Wednesday, October 01, 2014

Ethics official: Jones should have known campaign law

By CRYSTAL HERBER, Herald Staff Writer | 9/20/2012

An Ottawa woman’s fine this week from the Kansas Government Ethics Commission apparently was higher because of her previous experience as an elected official.

Heather Jones, former Franklin County attorney, was fined $500 for using a government-owned computer to distribute a political email, which violated the state’s campaign finance law. Jones, now head of the child abuse and sex crimes unit for the Johnson County District Attorney’s Office, sent an email from her Johnson County work computer to 13 people July 31 advocating ways they could help Jeff Curry, Franklin County sheriff, get elected to office.

An Ottawa woman’s fine this week from the Kansas Government Ethics Commission apparently was higher because of her previous experience as an elected official.

Heather Jones, former Franklin County attorney, was fined $500 for using a government-owned computer to distribute a political email, which violated the state’s campaign finance law. Jones, now head of the child abuse and sex crimes unit for the Johnson County District Attorney’s Office, sent an email from her Johnson County work computer to 13 people July 31 advocating ways they could help Jeff Curry, Franklin County sheriff, get elected to office.

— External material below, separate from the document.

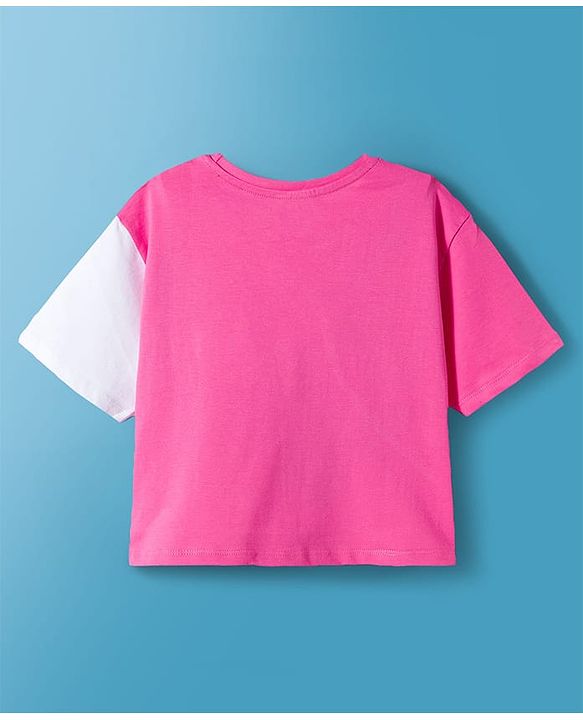 Pine Kids Disney Single Jersey Knit Drop Shoulder Half Sleeves Cut & Sew T-Shirt with Joggers Set With Minnie Mouse Graphics - Pink & White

Jones, Ottawa, went before the state’s ethics commission Wednesday in Topeka for a short hearing. Andy Taylor, a member of the nine-person ethics commission, said Jones’ main defense was that she didn’t know what she did violated campaign finance laws.

“She was unaware of the law that prohibited her from using the government-owned computer to do that,” Taylor said.

Jones did not return calls Thursday from The Herald about the ethics violation.

A provision (25-4169a) within the Kansas Campaign Finance Act states government equipment cannot be used “to expressly advocate the nomination, election or defeat of a clearly identified candidate to state office or local office.” Violation of the provision is a Class C misdemeanor, which carries with it possible fines and no more than one month of jail time.

The commission does not work under a set fee structure for penalties; instead it determines how much a fine should be on a case-by-case basis, Taylor said. Jones told the commission she served as Franklin County attorney for eight years, which Taylor said influenced the commission’s decision to levy a $500 fine.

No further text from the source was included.